T : Ce nom marque un temps de ta vie aussi.

L : Voilà. Il ancre une période.

LFB : J’aime bien demander aux gens qui écrivent de me raconter l’histoire d’une chanson. Tu pourrais nous raconter l’histoire de La Vendetta ?

L : Je crois que c’est un morceau qui est venu à la fin, parmi les derniers de l’album… J’avais déjà déménagé. En écrivant, j’ai pensé qu’il me manquait un morceau avec un riff de guitare un peu à la Mac de Marco dans l’album, et que j’en voulais un. Le morceau est venu assez vite. Il parle de revanche sur soi. Il y a l’idée d’en finir avec son passé…

LFB : C’est qui « l’autre moi » ?

L : C’est le moi d’avant. La partie sombre qu’on a envie d’éliminer.
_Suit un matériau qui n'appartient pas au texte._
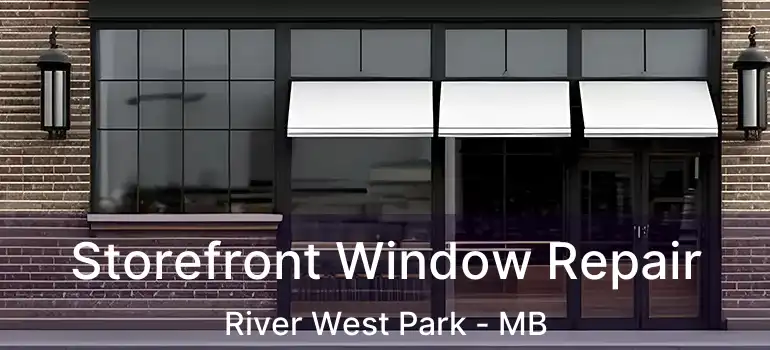  Storefront Window Repair River West Park - MB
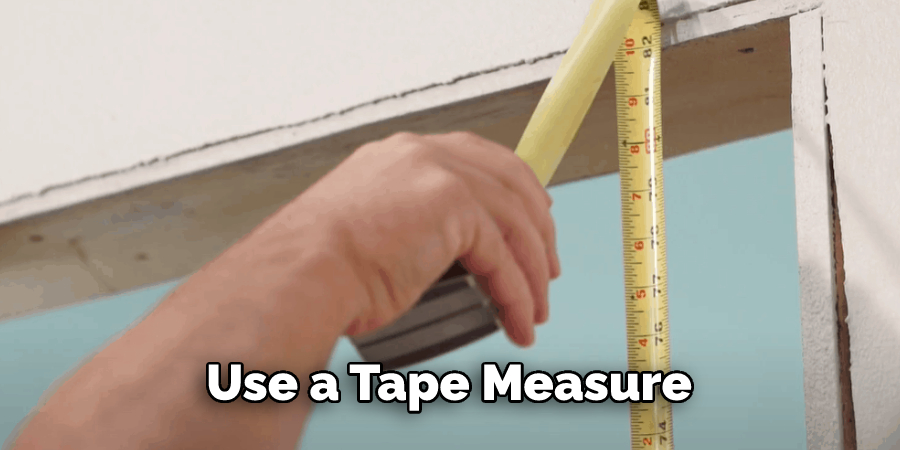 Use a Tape Measure
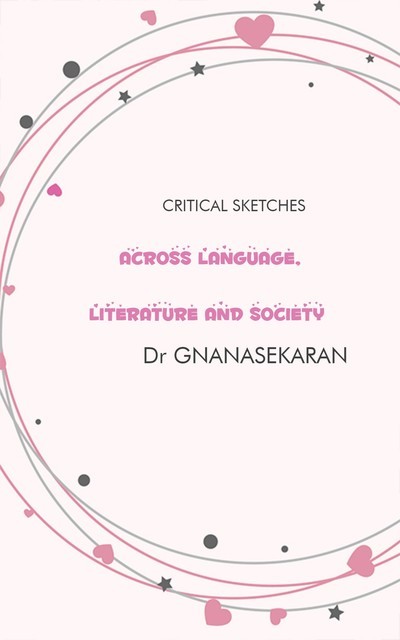 Across Language, Literature And Society, Gnanasekaran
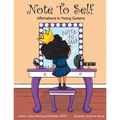 Note to Self: Affirmations to Young Queens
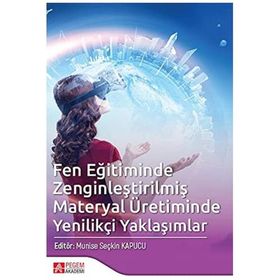 Fen Eğitiminde Zenginleştirilmiş Materyal Üretiminde Yenilikçi Yaklaşımlar - Pegem Akademi Yayıncılık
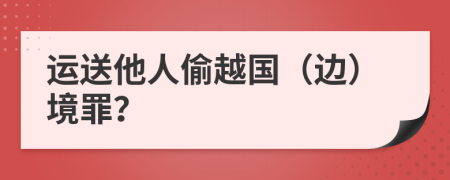 运送他人偷越国（边）境罪？
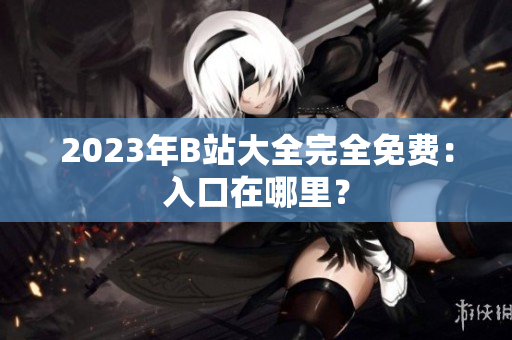 2023年B站大全完全免费：入口在哪里？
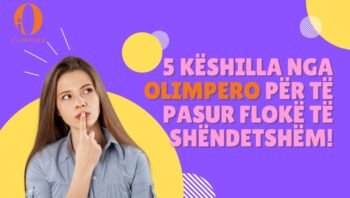 Keshilla nga olimpero per te pasur floke te shendetshem
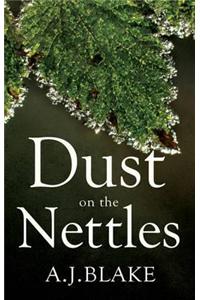 Dust on the Nettles
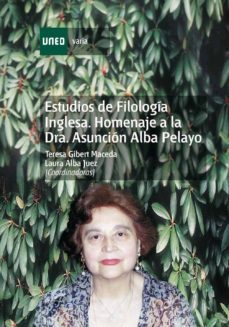 estudios de filologia inglesa. homenaje a la dra. asuncion alba pelayo (ebook)-maria teresa gibert maceda-laura alba juez-9788436268621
LFB : Et alors, qu’est-ce-qu’il se passe maintenant, quelle va être la prochaine période de Dude Low ?

L : Je déménage à Bruxelles.

LFB : Pourquoi Bruxelles ?

L : Je crois que j’avais surtout envie de bouger de Rennes. Ma copine connaît mieux Bruxelles que moi, mais c’est vrai que c’est une ville qui m’attire pour son cosmopolitisme.

T : D’ailleurs, il cherche un appartement, si quelqu’un lit ça.

L : Voilà (rires). Et puis d’un point de vue musical, j’ai envie de faire des choses plus crades… Et de ne pas me limiter. Y compris dans les langues, si je sens un truc en anglais, je n’ai plus envie de me l’interdire.